(PROVIDED INFORMATION)

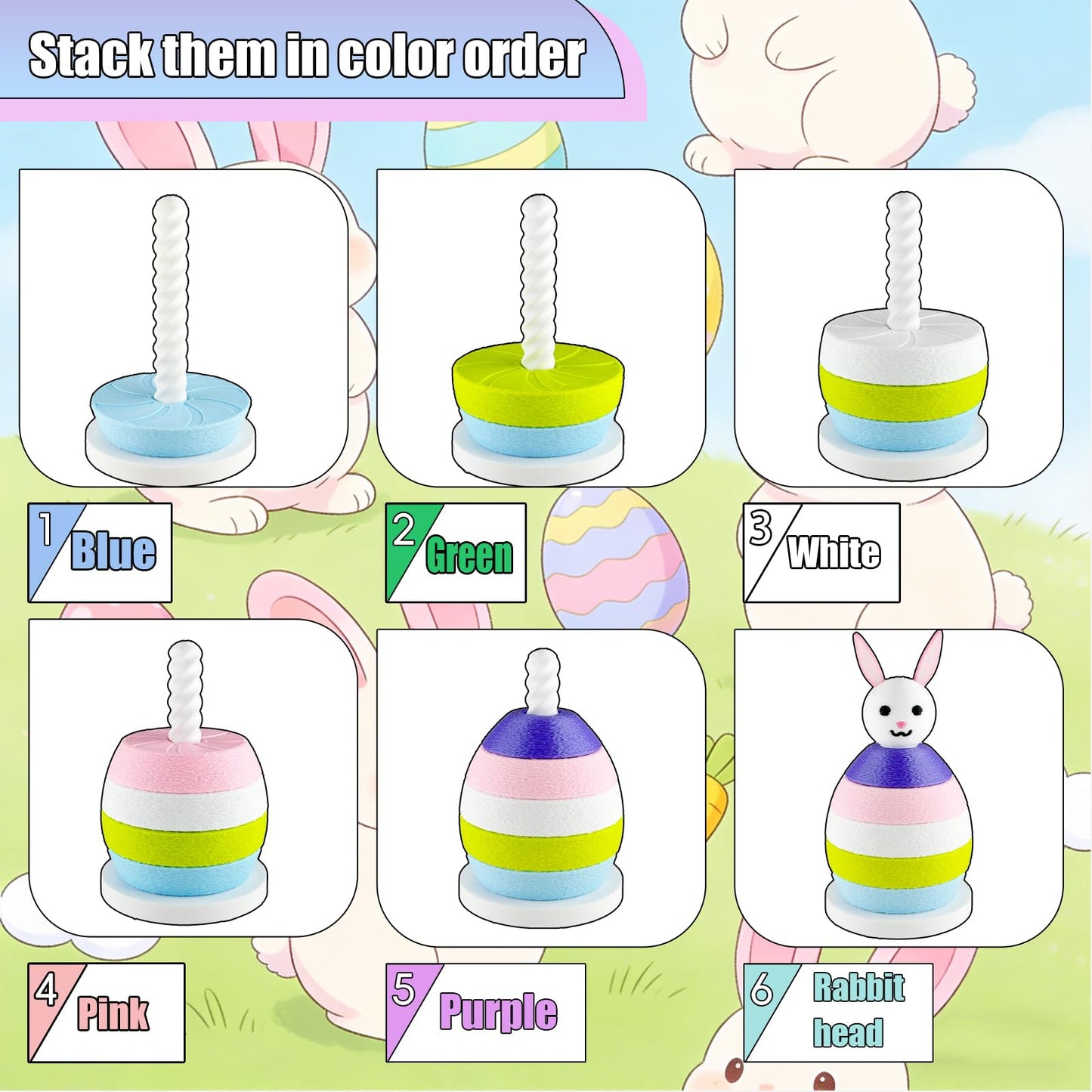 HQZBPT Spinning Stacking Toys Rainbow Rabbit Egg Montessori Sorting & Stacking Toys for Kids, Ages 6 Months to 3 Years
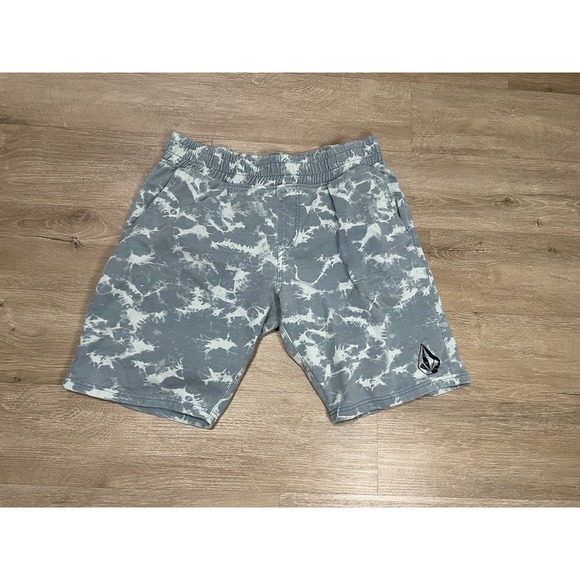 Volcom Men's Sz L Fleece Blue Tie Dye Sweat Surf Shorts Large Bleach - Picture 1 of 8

(End PROVIDED INFORMATION)
(PROVIDED INFORMATION)

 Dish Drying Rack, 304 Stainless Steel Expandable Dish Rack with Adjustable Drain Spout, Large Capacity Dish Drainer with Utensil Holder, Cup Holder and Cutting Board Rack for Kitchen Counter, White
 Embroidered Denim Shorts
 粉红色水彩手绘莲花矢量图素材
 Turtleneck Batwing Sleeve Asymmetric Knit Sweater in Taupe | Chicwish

(End PROVIDED INFORMATION)

> _EXERCISE REQUIREMENTS_: From the listing above, repeat exactly the lines starting at the line that includes "Dish Drying Rack, 304" and ending at the line that includes "Turtleneck Batwing Sleeve", with nothing outside that span.

> _OUTPUT BELOW_:
 Dish Drying Rack, 304 Stainless Steel Expandable Dish Rack with Adjustable Drain Spout, Large Capacity Dish Drainer with Utensil Holder, Cup Holder and Cutting Board Rack for Kitchen Counter, White
 Embroidered Denim Shorts
 粉红色水彩手绘莲花矢量图素材
 Turtleneck Batwing Sleeve Asymmetric Knit Sweater in Taupe | Chicwish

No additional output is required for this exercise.